Start of Source material

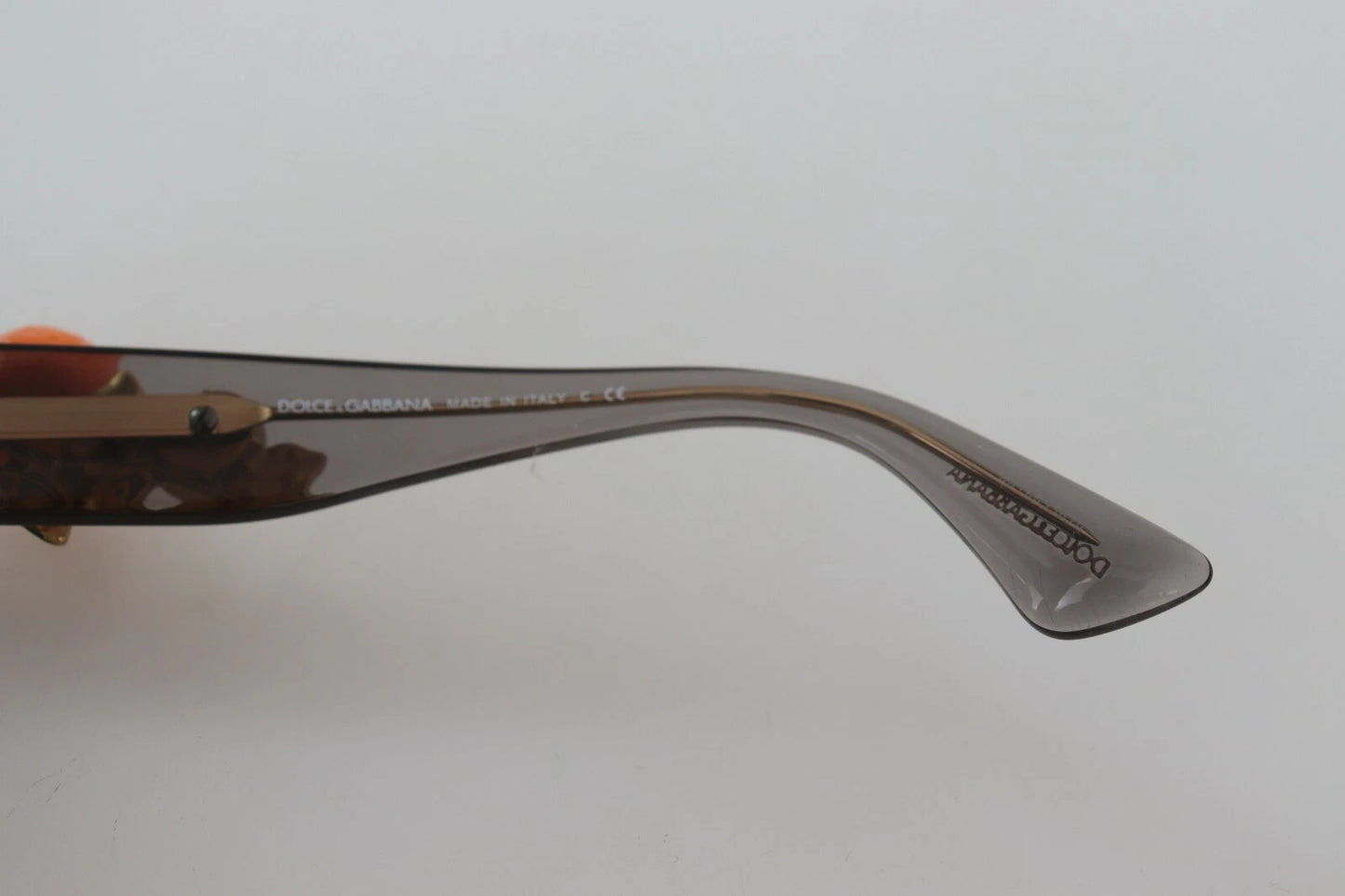 Lunettes de soleil Dolce & Gabbana DG4283B en acétate avec cristaux et appliqués orange.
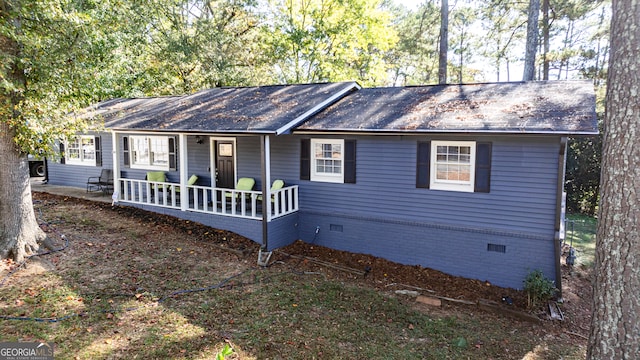 single story home featuring covered porch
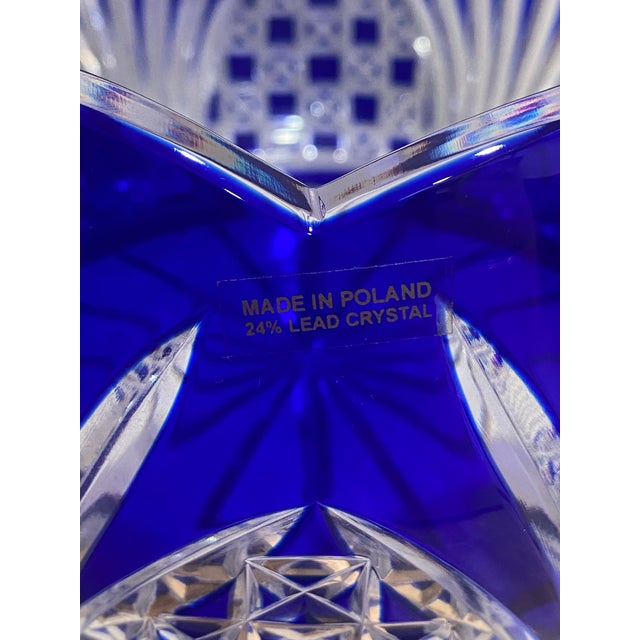 Striking vintage cobalt blue cut-to-clear crystal bowl featuring an intricate hand-cut geometric and fan motif. The rich...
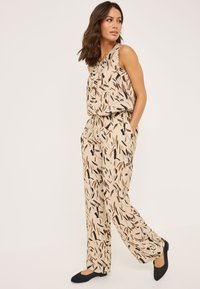 Ensemble deux pièces beige avec un haut sans manches et un pantalon large, orné d'un motif de feuilles noir et brun. Tissu doux avec une coupe décontractée.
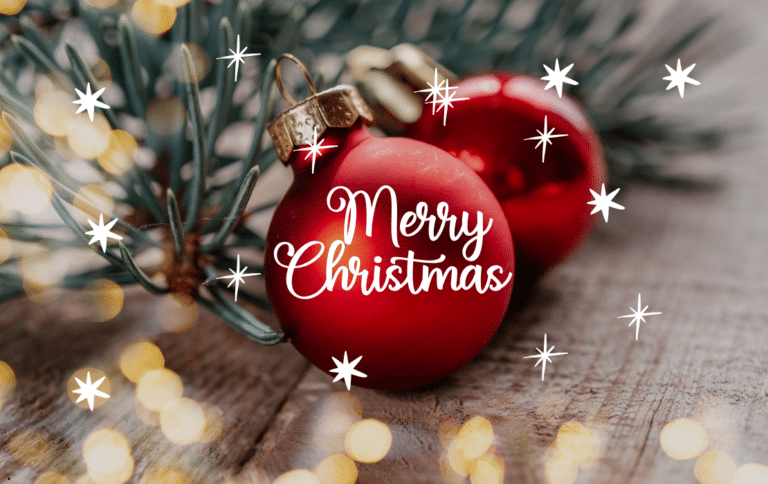 Bola de Navidad roja con mensaje Merry Christmas sobre fondo de madera y luces cálidas.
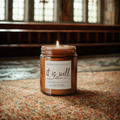 Candle in a jar with a label on a textured surface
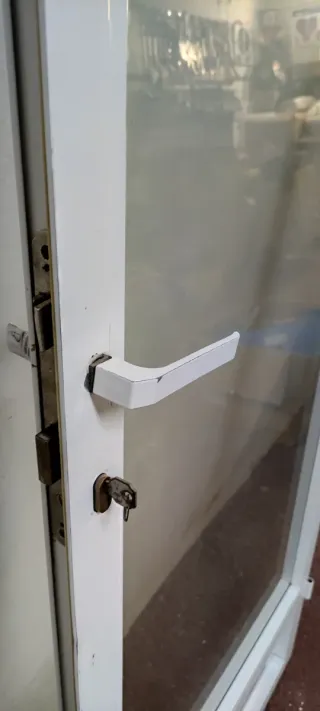 PUERTA DE ALUMINIO SIN MARCO CON CRISTAL CLIMALIT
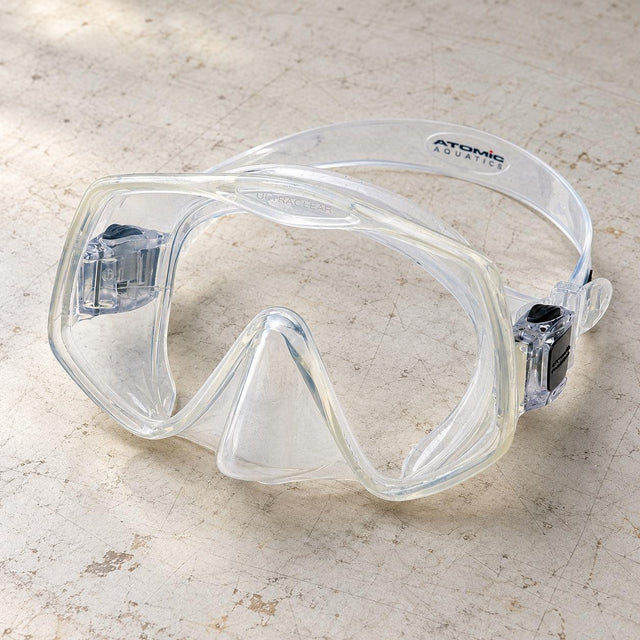 Open Box Atomic Aquatics Frameless 2 Mask — Clear, open box, lightly used on off-white work table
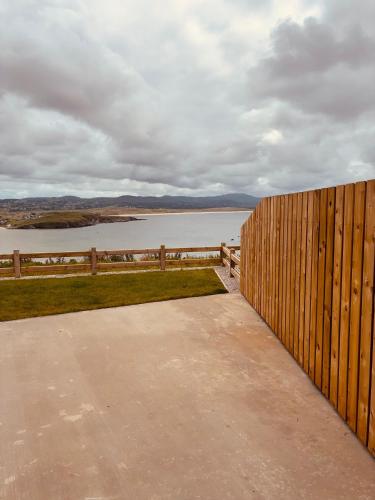 a wooden fence with a view of a body of water at Teach Máire, Downings in Downings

End of Source material

Apart from the images, the entries above must be returned without alteration.

Solution for this exercise ::
 Lunettes de soleil Dolce & Gabbana DG4283B en acétate avec cristaux et appliqués orange.
 single story home featuring covered porch
 Striking vintage cobalt blue cut-to-clear crystal bowl featuring an intricate hand-cut geometric and fan motif. The rich...
 Ensemble deux pièces beige avec un haut sans manches et un pantalon large, orné d'un motif de feuilles noir et brun. Tissu doux avec une coupe décontractée.
 Bola de Navidad roja con mensaje Merry Christmas sobre fondo de madera y luces cálidas.
 Candle in a jar with a label on a textured surface
 PUERTA DE ALUMINIO SIN MARCO CON CRISTAL CLIMALIT
 Open Box Atomic Aquatics Frameless 2 Mask — Clear, open box, lightly used on off-white work table
 a wooden fence with a view of a body of water at Teach Máire, Downings in Downings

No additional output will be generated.